The Third Bullet by Stephen Hunter

The Third Bullet by Stephen Hunter

A Bob Lee Swagger Novel

Simon & Schuster, 2013

(February 14, 2023)  I just re-read, for probably the fifth time because it is so well-written and a real pager-turner, The Third Bullet by Stephen Hunter.  Part of the Bob Lee Swagger series, this fiction book transcends that genre, which I’ll address in a moment, and is clearly on my all-time top ten fiction book list.

It would probably not spoil the book, which I have carefully stored in our hide-away in Puerto Rico so that I may read it every year when we are down there, if I mentioned that it is about the John F. Kennedy assassination in Dallas in 1963.  Kennedy’s picture is on the front dust jacket of the hard cover edition of the Simon & Schuster book (while Lee Harvey Oswald’s picture is on the back dust cover.)  On the front title page is a photograph of the murder weapon, the infamous Mannlicher-Carcano Model 38 carbine with its cheap and poorly attached Japanese-made scope, and on both the front and rear inside of the hard cover are detailed sketches of Dealey Plaza – which probably has no significance for 99% of all Americans except for being the site of JFK’s murder.

The book begins with the hit-and-run death of an author (a “gun-guy” that wrote about snipers and weapons,) which being a writer myself obviously caught my undivided attention.  The man’s widow does not believe it was an accident, so she contacts Bob Lee Swagger, who had been a sniper in Vietnam, who has had additional gun-related escapades in his later years, and whose body has so many old bullet wounds that it makes Swiss cheese look solid.

I will leave the story there and apologize to Mr. Hunter if I have said too much already.

Reviewer Lee Child (Jim Grant, Jack Reacher series) said of the book, “it might even be true,” while noted author Vince Flynn – who died shortly after The Third Bullet was published – opined that the book “answers the question ‘What if?’ in astonishingly plausible detail,” so if my modest writing skills remain unimpressive, at least you know that those two literary heavyweights liked Hunter’s book as well.

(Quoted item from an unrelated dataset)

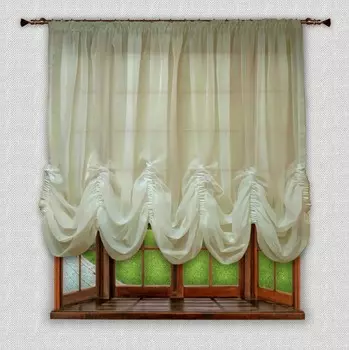 Шторы РеалТекс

From Mark Lane (Rush to Judgment,) almost immediately after the assassination, to tomes published to this day fifty years later, authors have attempted to show that this group or that – with or without Lee Harvey Oswald’s participation – brought off the crime of the century, and some would say the most significant crime in the entire history of the United States.  Most of these books, while they add bits and pieces to the general body of knowledge surrounding the assassination, often fall short in two areas: the technical capabilities of the firearm (maybe more than one, you’ll have to read the book) and bullets in question, and that the route of the presidential motorcade did not become known until a short few days before the event.  Large, complex organizations do many things well, but doing them quickly is usually not a characteristic of the ponderous, as the author shows.

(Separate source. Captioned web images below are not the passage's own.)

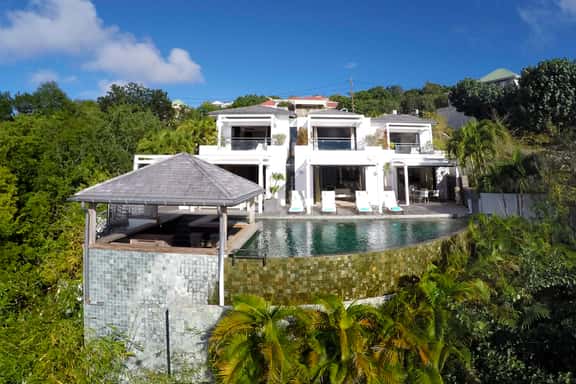 Villa Fleur de Cactus - Image 1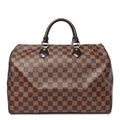 Damier Ebene Speedy 35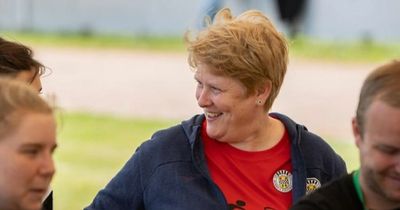 St Mirren Women coach Kate Cooper praises squad's desire to keep improving despite Edinburgh Caledonia victory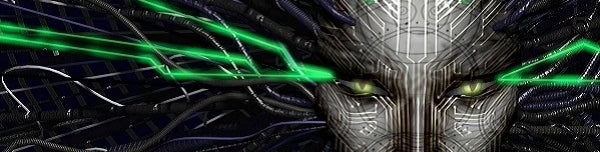 Afbeeldingen van System Shock 2 nu digitaal verkrijgbaar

In short, after reading and re-reading Hunter’s work, one quickly concludes that the author truly understands firearms in all their complexity – and sometimes simplicity, such as a tour-de-force description of what the Mannlicher-Carcano was originally designed to do when developed in 1891 – as well as a consummate ability to leave no loose ends in the theory at the heart of the story.

However, there is another level to the novel that I mentioned earlier.  Later in the work, the main character, Bob Lee Swagger, is informed by several literary experts that people who loved to read great literature often develop a sense of how they could insert puzzles and clues in their work (be that writing or espionage, etc.) that some people might find, while others miss them; some of these puzzles – which were key to understanding “who done it” – were in plain sight, while others had multiple layers of detail and nuance; some of them followed a clichéd formula, while others are undramatic and small.

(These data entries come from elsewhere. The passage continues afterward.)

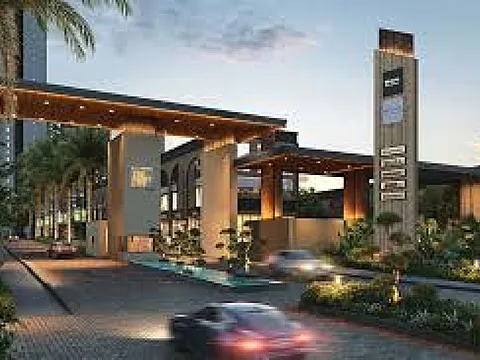 Beautiful 2 BHK Apartment For Sale
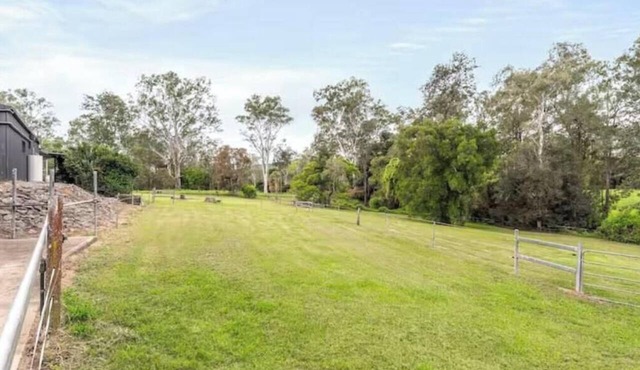 Arielle’s Haven in Cedar Creek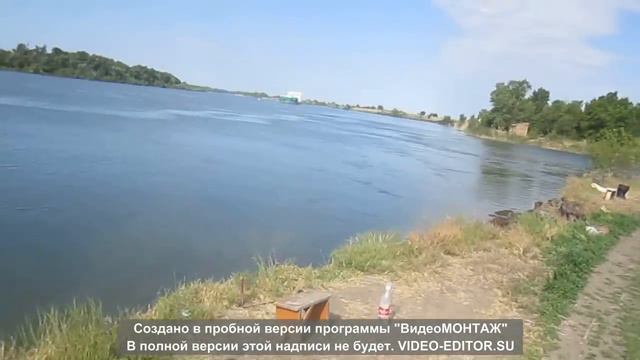 Ловля ДОНСКОЙ СЕЛЬДИ ! смотреть онлайн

Why is this dialogue important?  Because the discussion is really not a focal point of finding “who done it.”  That revelation is already known in the first third of the book.

No, I believe that Stephen Hunter slid this conversation of literary puzzles into the book intentionally for someone to find much later in reading The Third Bullet – maybe decades from now after Hunter and I and those of us who were living in 1963 are long gone – and conclude:

“This story is not total fiction.  In fact, it is probably 70% true, maybe even more, and the author stumbled across it and promised his source that he would portray the book (‘Other names, characters, places, and incidents are products of the author’s imagination…’, humma, humma, etc.), as PURE fiction, when it is anything but a work of fiction at its heart.”

Read The Third Bullet yourself and see what you think.  Is it simply a work of fiction that is so well-conceived and adroitly written that Stephen Hunter hit it out of the park, or is it something more?

The Third Bullet by Stephen Hunter2023-08-08T12:36:18-05:00

The Man Who Killed Kennedy: The Case Against LBJ

The assassination of President John F. Kennedy in Dallas, Texas, November 22, 1963. It is the greatest historical mystery in my lifetime; I was eleven years old when it occurred. Who did it? Lee Harvey Oswald, an ex-Marine, married to a Russian woman, and who had lived in Russia for a couple of years? Fidel Castro‘s men? As payback for the Bay of Pigs invasion? The Mafia? They had helped him get elected in 1960, but now his brother, Bobby Kennedy, the US Attorney General, was making life hard on the Cosa Nostra. Jack had fired Allen Dulles, the head of the Central Intelligence Agency (CIA) after the Bay of Pigs. Maybe rogue CIA agents had a hand in the President’s death? Or perhaps the crafty J. Edgar Hoover, longtime boss of the Federal Bureau of Investigation (FBI) played a role? Reportedly Kennedy was going to ease Hoover out of the top FBI job.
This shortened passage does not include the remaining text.